Recorded data:
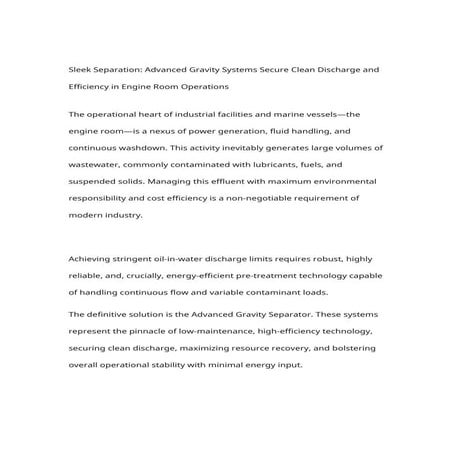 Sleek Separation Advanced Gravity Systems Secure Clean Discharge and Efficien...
* * *
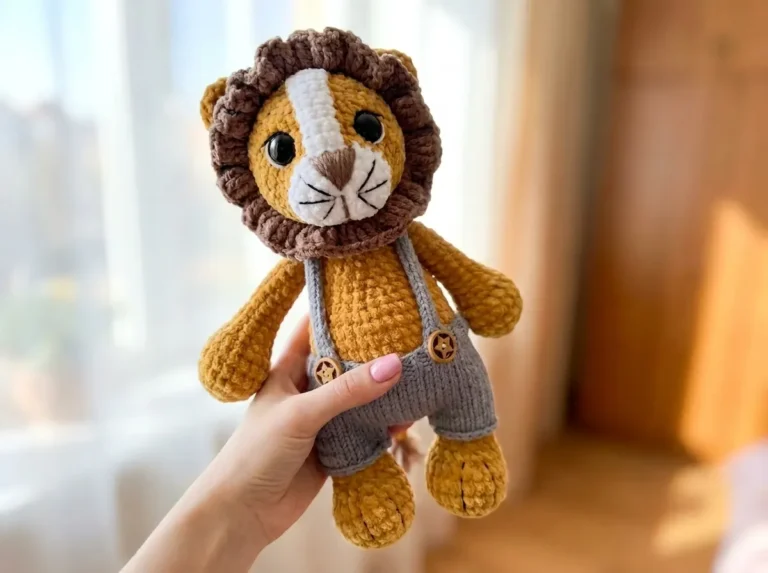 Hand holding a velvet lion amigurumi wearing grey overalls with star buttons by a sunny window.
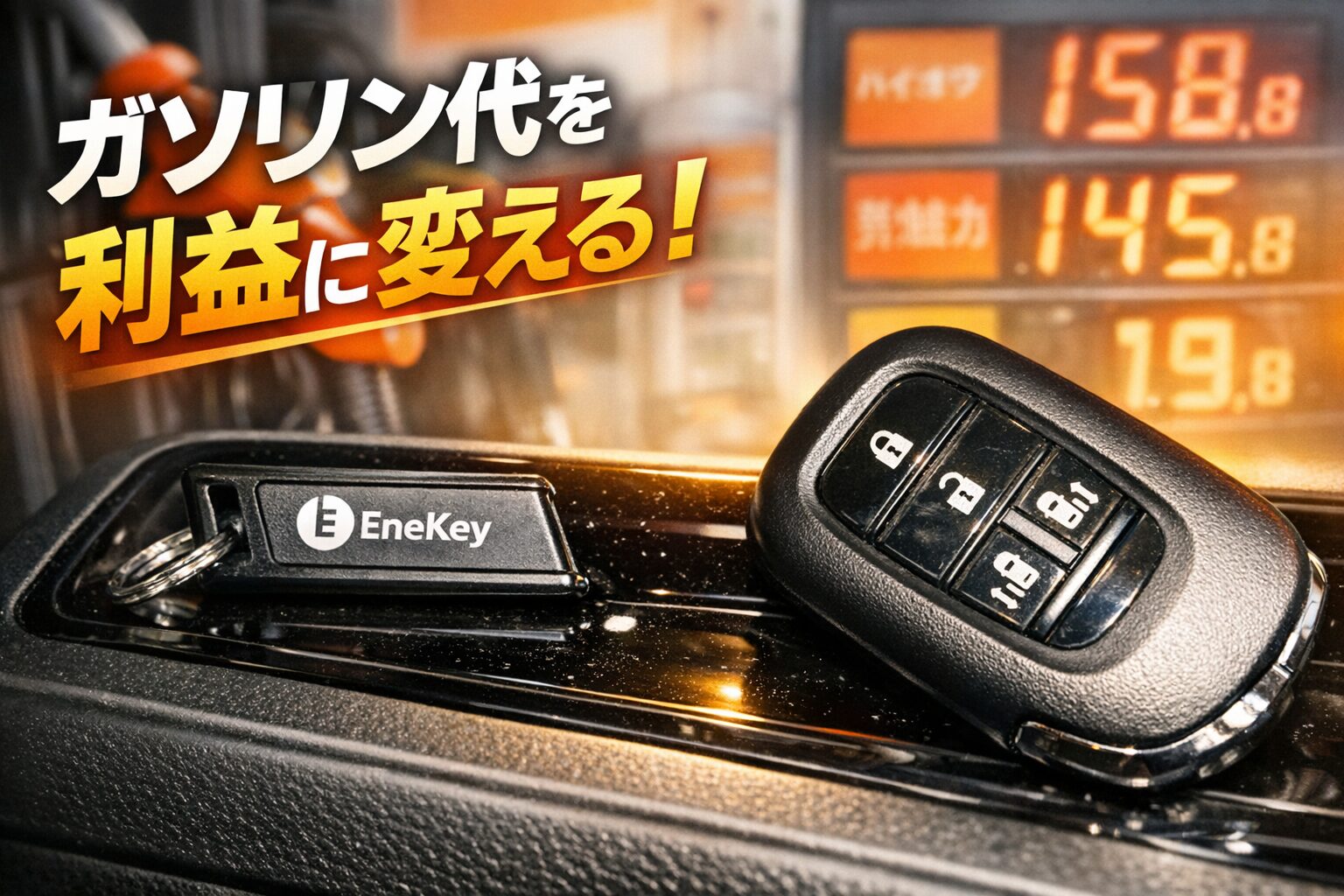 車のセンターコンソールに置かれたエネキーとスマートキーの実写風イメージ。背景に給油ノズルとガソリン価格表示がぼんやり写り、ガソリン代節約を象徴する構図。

Your goal: Print exactly the lines above that run from the one with "Hand holding a" to the one with "車のセンターコンソールに置か", both included. No pictures.

Solution:
 Hand holding a velvet lion amigurumi wearing grey overalls with star buttons by a sunny window.
 車のセンターコンソールに置かれたエネキーとスマートキーの実写風イメージ。背景に給油ノズルとガソリン価格表示がぼんやり写り、ガソリン代節約を象徴する構図。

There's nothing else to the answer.